A collaborative paper on how rumen acidosis affects fungi and protozoa got published!

Ruminal acidosis is a condition in which the pH of the rumen is considerably lower than normal, and if severe enough can cause damage to the stomach and localized symptoms, or systemic illness in cows.  Often, these symptoms result from the low pH reducing the ability of microorganisms to ferment fiber, or by killing them outright.  Since the cow can’t break down most of its plant-based diet without these microorganisms, this disruption can cause all sorts of downstream health problems.  Negative health effects can also occur when the pH is somewhat lowered, or is lowered briefly but repeatedly, even if the cow isn’t showing outward clinical symptoms.  This is known as sub-acute ruminal acidosis (SARA), and can also cause serious side effects for cows and an economic loss for producers.

In livestock, acidosis usually occurs when ruminants are abruptly switched to a highly-fermentable diet- something with a lot of grain/starch that causes a dramatic increase in bacterial fermentation and a buildup of lactate in the rumen.  To prevent this, animals are transitioned incrementally from one diet to the next over a period of days or weeks.  Another strategy is to add something to the diet to help buffer rumen pH, such as a probiotic.  One of the most common species used to help treat or prevent acidosis is a yeast; Saccharomyces cerevisiae.

This paper was part of a larger study on S. cerevisiae use in cattle to treat SARA, the effects of which on animal production as well as bacterial diversity and functionality have already been published by an old friend and colleague of mine, Dr. Ousama AlZahal, and several others.  In total, very little work has been done on the effect of SARA or S. cerevisiae treatment on the fungal or protozoal diversity in the rumen, which is what I added to this study.  I was very pleased to be invited to analyze and interpret some of the data, as well as to present the results at a conference in Chicago earlier this year.  The article itself has just been published in Frontiers in Microbiology!


An investigation into rumen fungal and protozoal diversity in three rumen fractions, during high-fiber or grain-induced sub-acute ruminal acidosis conditions, with or without active dry yeast supplementation.

Authors: Suzanne L. Ishaq, Ousama AlZahal, Nicola Walker, Brian McBride

Sub-acute ruminal acidosis (SARA) is a gastrointestinal functional disorder in livestock characterized by low rumen pH, which reduces rumen function, microbial diversity, host performance, and host immune function. Dietary management is used to prevent SARA, often with yeast supplementation as a pH buffer. Almost nothing is known about the effect of SARA or yeast supplementation on ruminal protozoal and fungal diversity, despite their roles in fiber degradation. Dairy cows were switched from a high-fiber to high-grain diet abruptly to induce SARA, with and without active dry yeast (ADY, Saccharomyces cerevisiae) supplementation, and sampled from the rumen fluid, solids, and epimural fractions to determine microbial diversity using the protozoal 18S rRNA and the fungal ITS1 genes via Illumina MiSeq sequencing. Diet-induced SARA dramatically increased the number and abundance of rare fungal taxa, even in fluid fractions where total reads were very low, and reduced protozoal diversity.
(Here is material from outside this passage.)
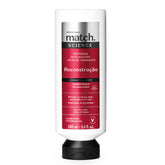 Condicionador Match Science Reconstrução, 280ml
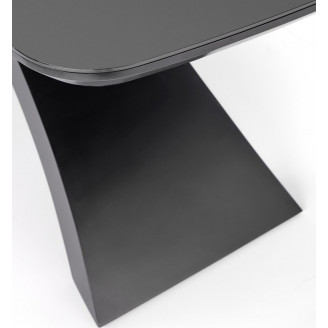 Stół rozkładany Silvestro Halmar | Nowoczesny design 180x89cm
SARA selected for more lactic-acid utilizing taxa, and fewer fiber-degrading taxa. ADY treatment increased fungal richness (OTUs) but not diversity (Inverse Simpson, Shannon), but increased protozoal richness and diversity in some fractions. ADY treatment itself significantly (P < 0.05) affected the abundance of numerous fungal genera as seen in the high-fiber diet: Lewia, Neocallimastix, and Phoma were increased, while Alternaria, Candida Orpinomyces, and Piromyces spp. were decreased. Likewise, for protozoa, ADY itself increased Isotricha intestinalis but decreased Entodinium furca spp. Multivariate analyses showed diet type was most significant in driving diversity, followed by yeast treatment, for AMOVA, ANOSIM, and weighted UniFrac. Diet, ADY, and location were all significant factors for fungi (PERMANOVA, P = 0.0001, P = 0.0452, P = 0.0068, Monte Carlo correction, respectively, and location was a significant factor (P = 0.001, Monte Carlo correction) for protozoa. Diet-induced SARA shifts diversity of rumen fungi and protozoa and selects against fiber-degrading species. Supplementation with ADY mitigated this reduction in protozoa, presumptively by triggering microbial diversity shifts (as seen even in the high-fiber diet) that resulted in pH stabilization. ADY did not recover the initial community structure that was seen in pre-SARA conditions.